Ausgabe Dezember 2003

Narrative versus normative Theorie

Demokratiediskurse in Frankreich

Mit dem folgenden Text erinnern die "Blätter" an einen ihrer Autoren – den vor einem Jahr, am 11. Dezember 2002, ganz unerwartet verstorbenen Rainer Rochlitz. Der Nachruf in "Le Monde" charakterisierte ihn als den "Passeur", den Fährmann, zwischen den Philosophien diesseits und jenseits des Rheins. "Passeur" ist auch der Fluchthelfer. Gewissermaßen geflohen ist Rainer Rochlitz 1967 aus dem Bonner "Treibhaus" – er brauchte frische Luft. Der junge Romanist und Philosoph gelangte über Florenz zunächst nach Bordeaux. Als er von dort nach Frankfurt zurückkehren wollte, erfuhr er vom Tod Adornos und ging stattdessen nach Paris. Lucien Goldmann, mit dem er eine Dissertation über den jungen Lukács verabredet hatte, starb ein Jahr später. Wiederum ein Jahr darauf beging Peter Szondi, mit dem er inzwischen Kontakt aufgenommen hatte, um seine Arbeit in Berlin abzuschließen, Selbstmord.
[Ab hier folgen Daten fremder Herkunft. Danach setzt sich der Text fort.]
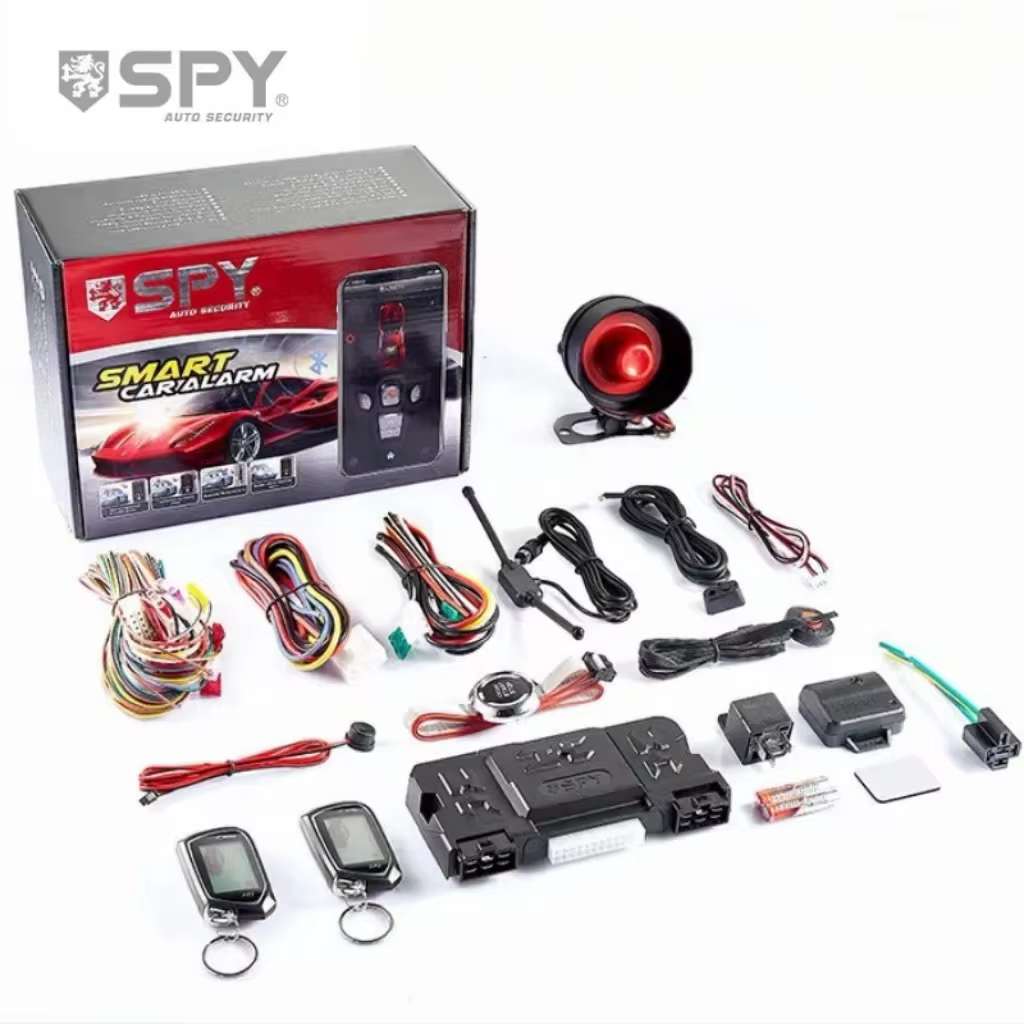 SPY Two Way Keyless Car Alarm System with Remote Start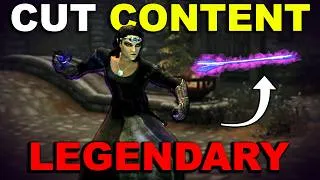 Thumbnail: Can You Beat Skyrim With the WEIRDEST Cut Content Spell? (Legendary)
Rochlitz blieb in Paris, habilitierte sich schließlich an der Sorbonne, heiratete, wurde 1981 französischer Staatsbürger – und konnte sich erst dann in der akademischen Welt Frankreichs etablieren.

Wie seine höchst originellen Arbeiten zur Ästhetik von Lukács, Benjamin und Adorno zeigen, war Rochlitz ein Philosoph aus eigenem Recht.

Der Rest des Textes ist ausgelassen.